Maximizing AI benefits requires careful integration
Overall, van Winkel’s study suggests that combining human and AI reading may offer the greatest benefit for population-based screening, increasing breast cancer detection by 8.4 percent compared with standard double reading. However, the study also revealed an important trade-off.
Adding AI as a second reader boosted overall cancer detection, but it nearly doubled the number of women recalled for further assessment. With AI, 2,112 women were flagged, compared with 1,244 women under standard double reading. This increase reflects AI’s ability to spot subtle or early signs that human readers might miss, but it also captures more benign cases, leading to higher false positives and a greater workload for radiologists, as well as additional stress and follow-up for patients. This finding was in direct contradiction to the MASAI and PRAIM studies. However, this difference is likely due to how AI was integrated into the screening process.

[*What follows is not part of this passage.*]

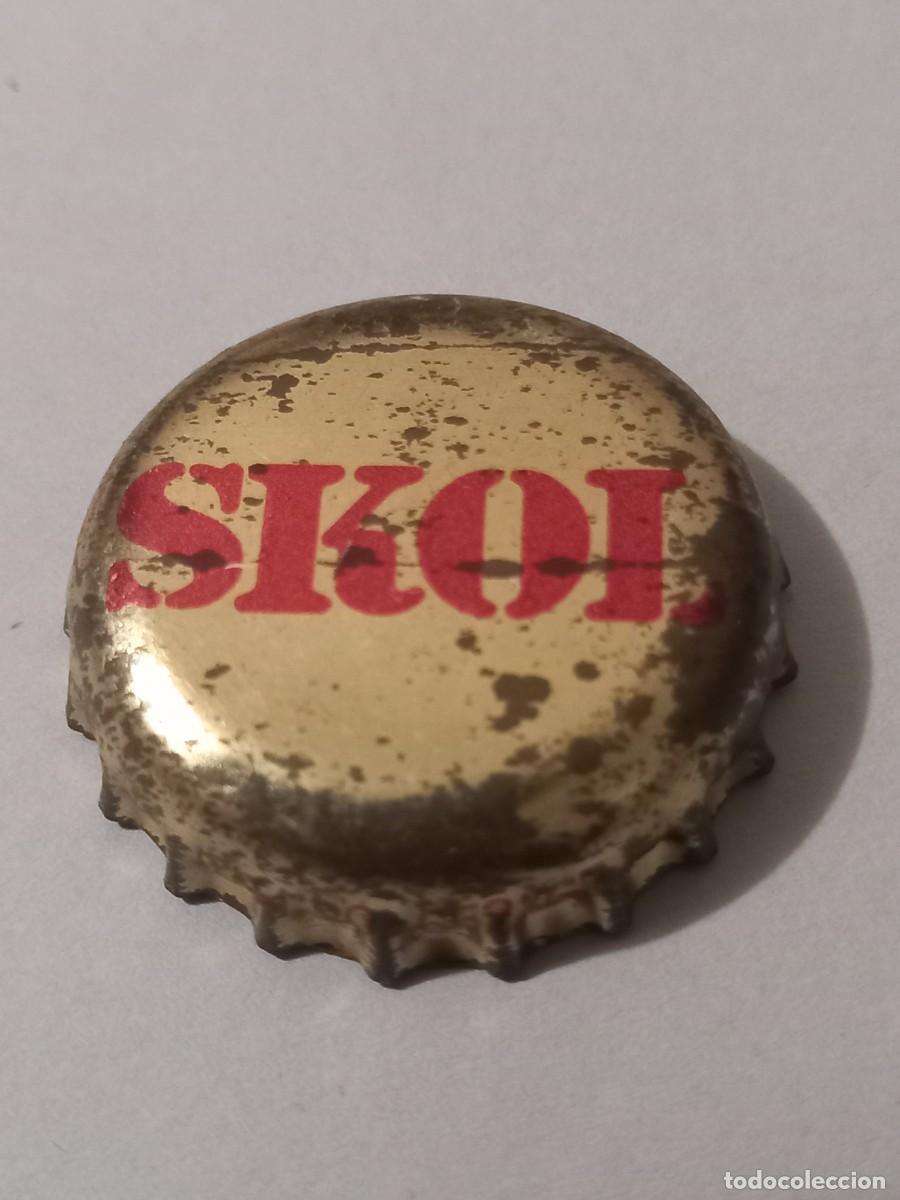 Coleccionismo de cervezas: CHAPA CERVEZA SKOL, TAP&Oacute;N CORONA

In the Dutch study, AI was used as a full second reader, meaning every mammogram was reviewed by both a radiologist and the AI system — a setup that naturally increases recalls when both parties flag potential abnormalities. In contrast, the MASAI and PRAIM trials used AI in a triage or support role, where low-risk cases identified by AI were either single read or automatically excluded from double reading. This design significantly reduced the number of cases requiring human review, helping maintain or even lower recall rates while still improving cancer detection.
Therefore, implementing AI into real-world workflows requires careful planning. Van Winkel described that, “when two human radiologists disagree, a consensus meeting is held to resolve discrepancies. This indicates the need to design a similar form of consensus or arbitration process when integrating AI.”
The MASAI trial provides a useful model: AI triaged examinations so that low-risk cases were single read, while high-risk cases were double read, with consensus meetings available whenever needed. The key to this approach is ensuring that neither human nor AI findings are dismissed automatically, preserving oversight while optimizing efficiency. “This hybrid model shows a pragmatic pathway for integrating AI safely into clinical practice,” van Winkel said.
A support, not a replacement
While AI’s performance in detecting cancers is impressive, its integration into screening programs carries broader implications — both for radiologists and for patients. Van Winkel is clear that AI is not a replacement for human expertise, but rather a tool that can reshape how radiologists work.
“Radiologists shouldn’t fear for their jobs, although their tasks may shift over time. A likely scenario is that with the use of AI for triaging low-risk screening exams, radiologists will see far fewer ‘normal’ mammograms and much more often, or almost exclusively, abnormal ones. This allows them to focus their expertise where it is needed most, while AI helps to handle the more routine aspects of screening,” van Winkel said.
Patient perception and communication are equally critical. Introducing AI into breast cancer screening raises questions about trust, privacy, and the role of human care. “It’s essential to explain clearly what AI is doing and why,” van Winkel explained. “Women need to understand that the goal is earlier and more accurate detection, not less personal care.”
By supporting radiologists in triaging low-risk exams, highlighting subtle abnormalities, and reducing workload, AI may be able to enhance accuracy, efficiency, and consistency across screening programs. If integrated well, AI could lead to earlier detection of aggressive cancers, better patient outcomes, and the potential to make breast screening more accessible, scalable, and sustainable. The future of breast cancer screening is likely to be a partnership between human insight and AI, combining the strengths of both to deliver the best possible care.